→ WHAT TO DO: For the material below, return exactly the lines starting at the one holding "8 Bottles Of" and ending at the one holding "Soni Embroidered Dhanak 3 Piece Suit SD-14", counting both as part of the range.

→ DATASET CONTENT:
▽

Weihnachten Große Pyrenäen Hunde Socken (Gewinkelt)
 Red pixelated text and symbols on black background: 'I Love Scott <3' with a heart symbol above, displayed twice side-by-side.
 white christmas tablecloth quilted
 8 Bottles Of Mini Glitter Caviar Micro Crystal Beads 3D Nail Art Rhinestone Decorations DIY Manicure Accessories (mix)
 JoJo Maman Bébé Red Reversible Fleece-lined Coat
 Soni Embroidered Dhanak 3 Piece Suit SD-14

△
▽

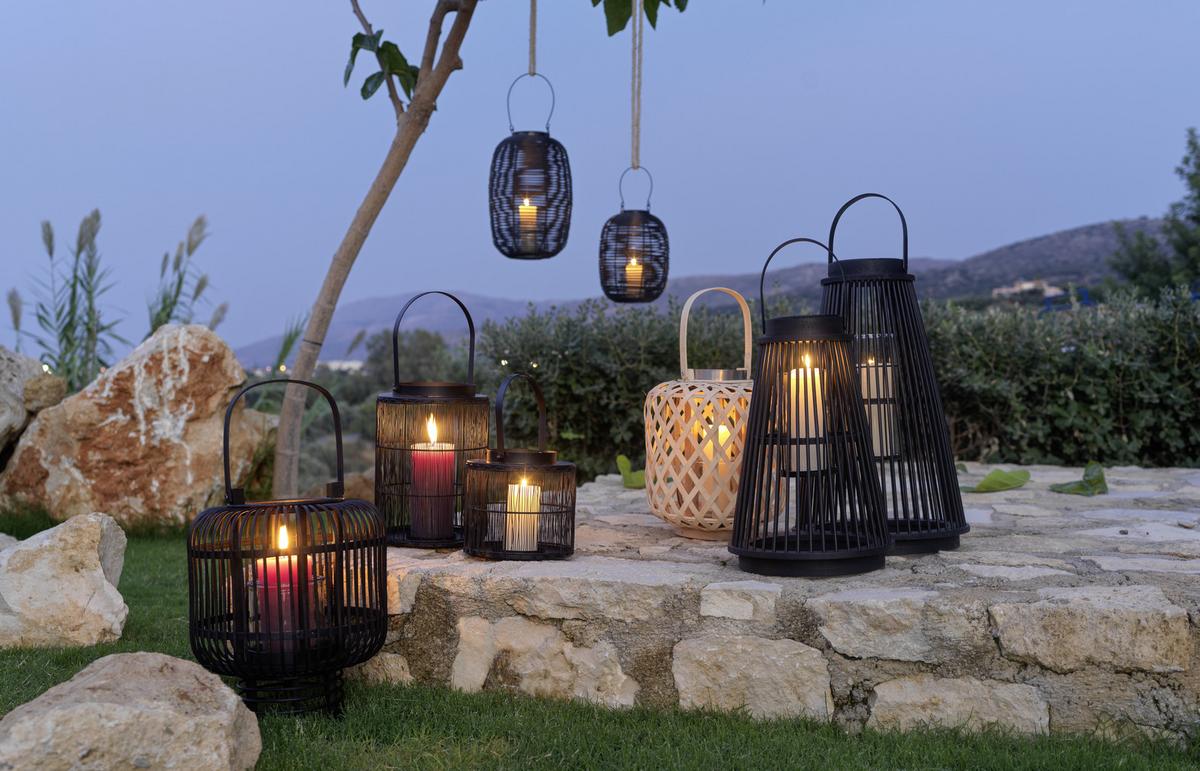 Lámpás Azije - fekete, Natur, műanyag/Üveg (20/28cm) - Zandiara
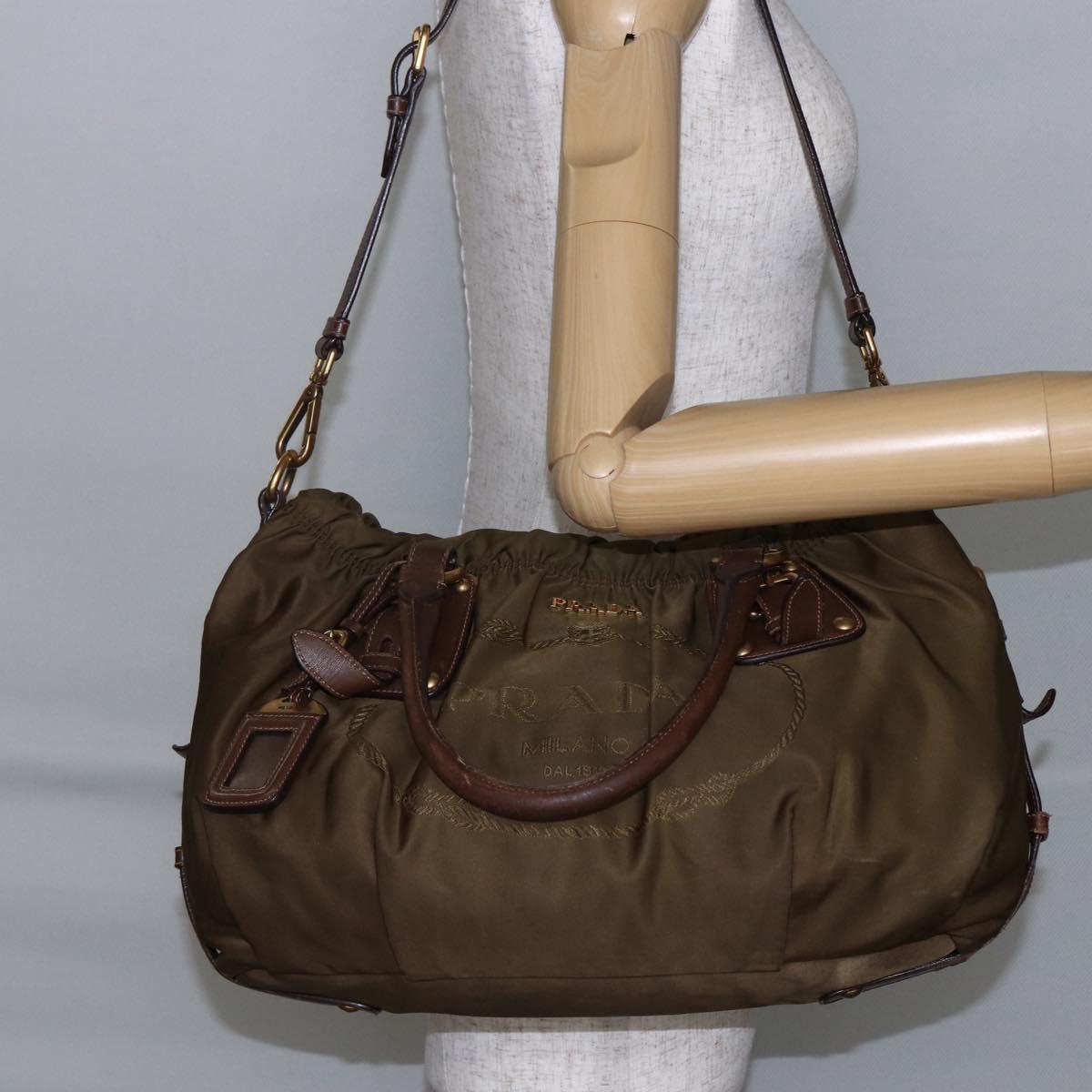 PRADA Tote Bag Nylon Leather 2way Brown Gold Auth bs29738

△

→ EXERCISE OUTPUT:
 8 Bottles Of Mini Glitter Caviar Micro Crystal Beads 3D Nail Art Rhinestone Decorations DIY Manicure Accessories (mix)
 JoJo Maman Bébé Red Reversible Fleece-lined Coat
 Soni Embroidered Dhanak 3 Piece Suit SD-14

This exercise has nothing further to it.